Doing this kind of assessment of the potential scope of your remote worker problem will also help you make smarter business decisions about the size (and budget) of the employee monitoring software you need. If you only have a handful of remote workers and only a small percentage of them don’t meet regular expectations or deadlines, for example, you’d be ill-advised to spend a lot of money on something like iMonitorSoft, which has extensive reporting capabilities and can report on up to 1,000 machines. For smaller scale issues, you can go with something like Labor Examiner – which has the ability to show you which sites your remote workers have accessed and provide you with time tracking statistics, but also has clear, smaller-scale pricing models that can help you troubleshoot your teleworkers without making them prohibitive. do this.

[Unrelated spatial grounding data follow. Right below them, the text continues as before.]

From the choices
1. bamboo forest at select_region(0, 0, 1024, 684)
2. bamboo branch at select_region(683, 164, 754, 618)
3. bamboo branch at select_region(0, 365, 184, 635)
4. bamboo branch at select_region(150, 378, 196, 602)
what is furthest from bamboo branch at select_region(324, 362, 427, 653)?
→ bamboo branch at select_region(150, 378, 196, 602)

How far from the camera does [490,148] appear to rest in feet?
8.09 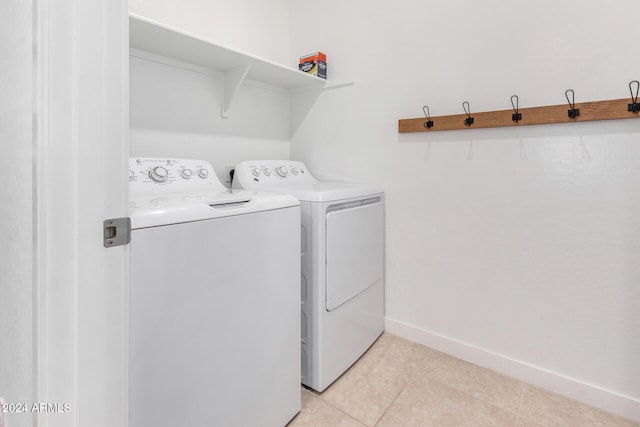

It should of course be obvious that the easiest way for staff working remotely to avoid any employee monitoring software is to use their own equipment when away from the office. Naturally, that gives you data in itself, and you can legitimately wonder why they’re not using company equipment, with appropriate levels of company cybersecurity protection, especially in light of the MSI 2022 report and the huge spike in cyberattacks that have been seen as a result of post-pandemic remote working.

Speak first, then follow

The bottom line about employee work software is that employers have the right to expect tasks to be completed in a timely manner and the right to understand why there aren’t any if and when they don’t. are not. Technology can absolutely give you the answers you need, but perhaps not without hurting an otherwise friendly relationship between staff and managers. As a first step, before deploying the hard-core technology solution, it’s worth setting aside time to talk to underperforming staff, understand recurring productivity issues, and agree on mitigation strategies that work for both parties.

In fact, in the end, “talk first, follow later” may be the real path to a successful remote work strategy in the post-Covid era.